Hannah Lewis will be at Pensions Communications Forum to talk about what Behave London’s research has uncovered so far, and what that means for the future of defined contribution. To hear from her and other speakers register here.

As part of our Make-DC-Better research, we looked at over 17,000 enquiries sent to The Pension Advisory Service (TPAS) between April and November this year, since ’freedom and choice’ blew its chilly winds up pensions’ proverbial skirt.

The enquiries are a brilliantly rich set of data, covering age, gender, marital status, regional variation – and what people’s concerns are about their pensions.

What we found surprised us on two fronts. On the one hand the data reinforced some stereotypes, but on the other hand we’ve picked up new trends.

It’s worth noting that TPAS has seen contact volumes roughly double in the last year. Considering they don’t advertise, that alone tells us that all the changes to pensions, and the wave of press about them, have served to make the general public twice as aware.

1) Married, separated or divorced – the most engaged.

If you’re married, I expect you’ve had the cheery conversation a few times about what would happen to your money if you died. Sometimes that conversation is even about pensions. Those who were attached (or had recently de-attached) were overwhelmingly the most engaged – and made up around 70% of the enquiries.

Although there are a large chunk of people who “prefer not to say”, those identifying as single made up just 16% of all enquiries. It wasn’t that the single people were especially young, either. It could be as simple as the single simply care less (because no one is affected by their pension other than them, unless they happen to be a parent). It’s definitely an area we’re looking into further.

2) Men outnumber women.

For every six women who got in contact, 10 men did.
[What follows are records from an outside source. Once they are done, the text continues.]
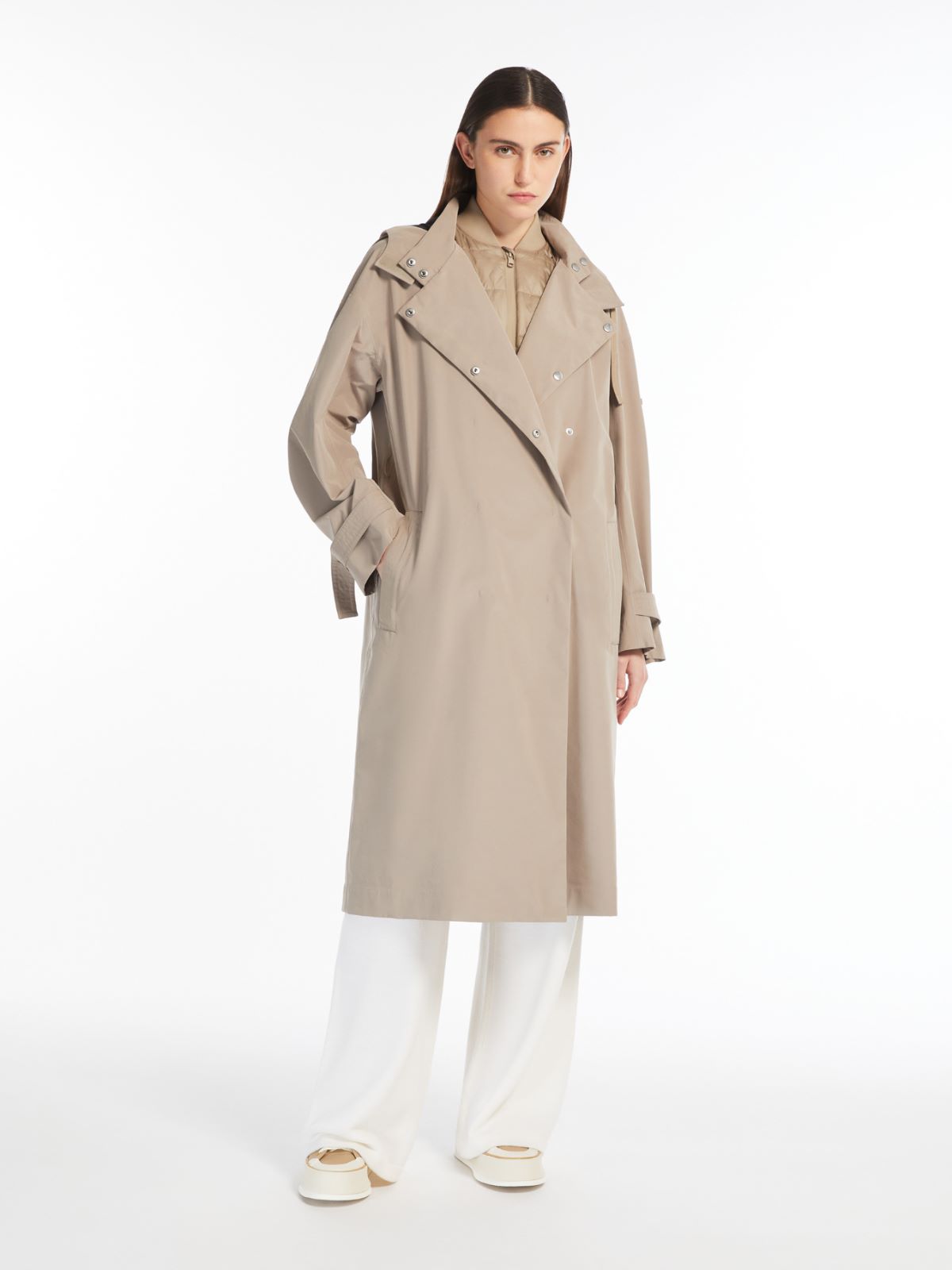 Technical-fabric trench coat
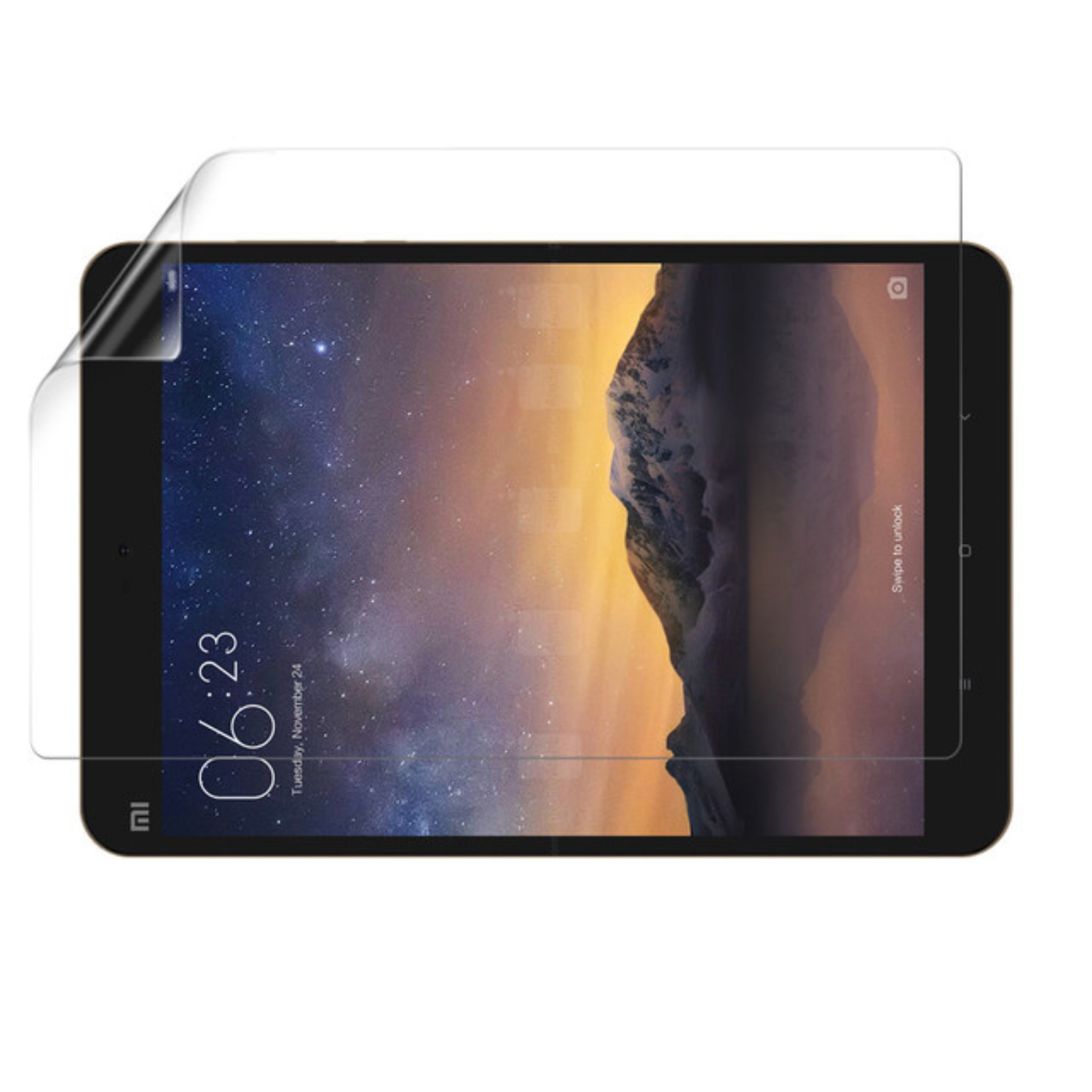 Hydrogel screen protector for Xiaomi Mi Pad 2 by 9eight5, showing a close-up of the transparent film covering the tablet screen.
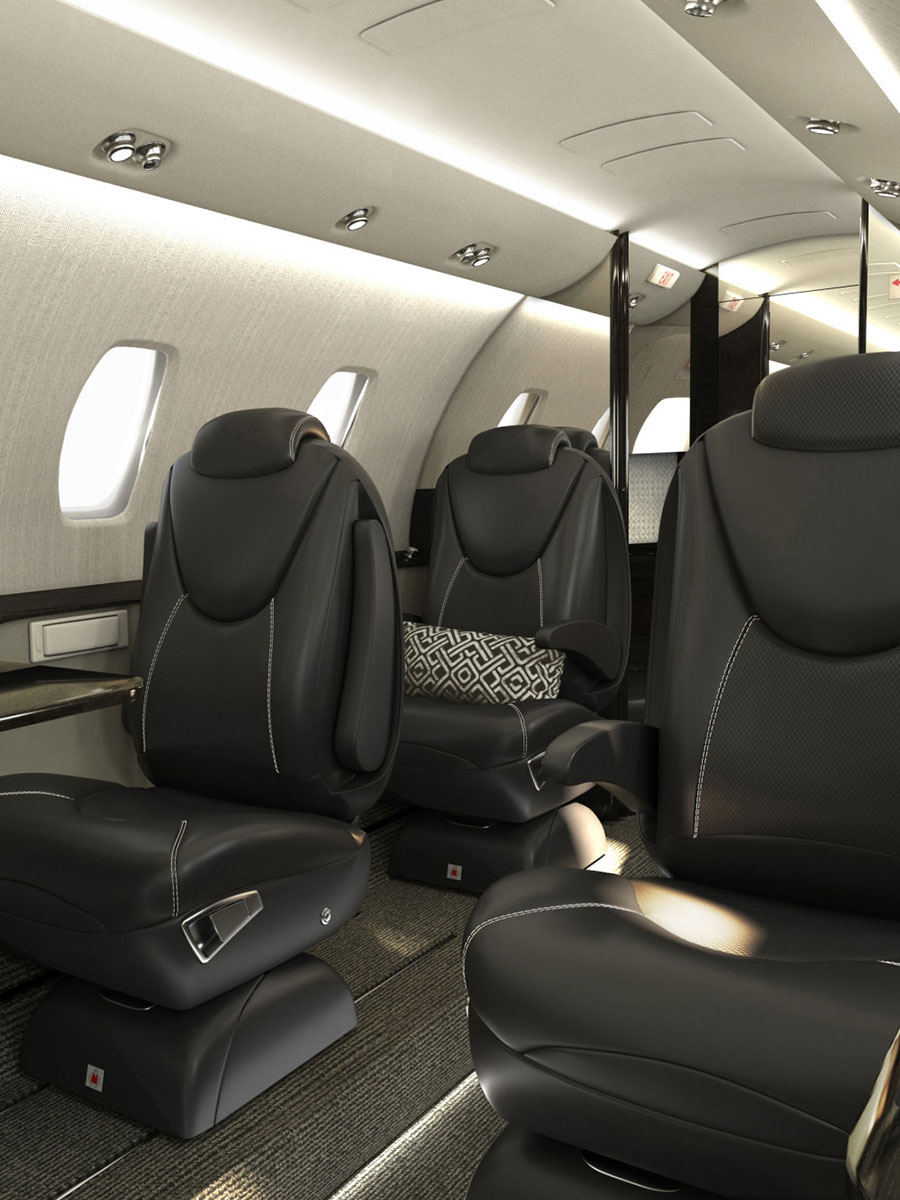 Cessna Citation XLS+ dark leather cabin seats, portrait view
This isn’t unsurprising, given that for those currently in their 60s and 70s, it was much more common for married women to work part time or or stay at home.

When we analysed the content of the enquiries, the most common two words that came up for the over 70’s was “Wife” and “State”. Men were enquiring what would happen to their wife in respect of their state pension when they died.


However, men overwhelmingly make up more of the online enquiries, regardless of age. We suspect that this is purely down to more of them having pensions, but we’re investigating this further, using other data.

3) People are leaving it late. Very late.

The mean age of people contacting TPAS is 57 and that should raise alarm bells.

We’re conducting research right now in to how to get people to engage, and we’re testing a range of innovative tactics that can be used in pension communication.

By looking at the real enquiries that are coming in to TPAS, and then analysing the pension communications that were submitted to us by pension funds all over the UK, we’re forming new ideas.

As 45% of people contacting TPAS were aged 55-65, it certainly seems we need to get members engaged earlier!

Why testing?

Experiments are the only clean way to know what drives behaviour change, whether positive or negative.

You might want to re-write all your member communications in one go. You could put a whole host of behavioural “nudges” in the text to get people to engage.

The issue is that if you do several at the same time, you won’t which ones were effective! That’s why we’re doing testing scientifically – so that we can check what helps drive engagement, and build clear communications. It’s very often not what you think.

Think you can ask members what they want? In focus groups?

Think again! Be wary of asking your member about their preferences, instead of conducting experiments. What people say they do and how they really act are not always the same. Just think about, well, everyone you know.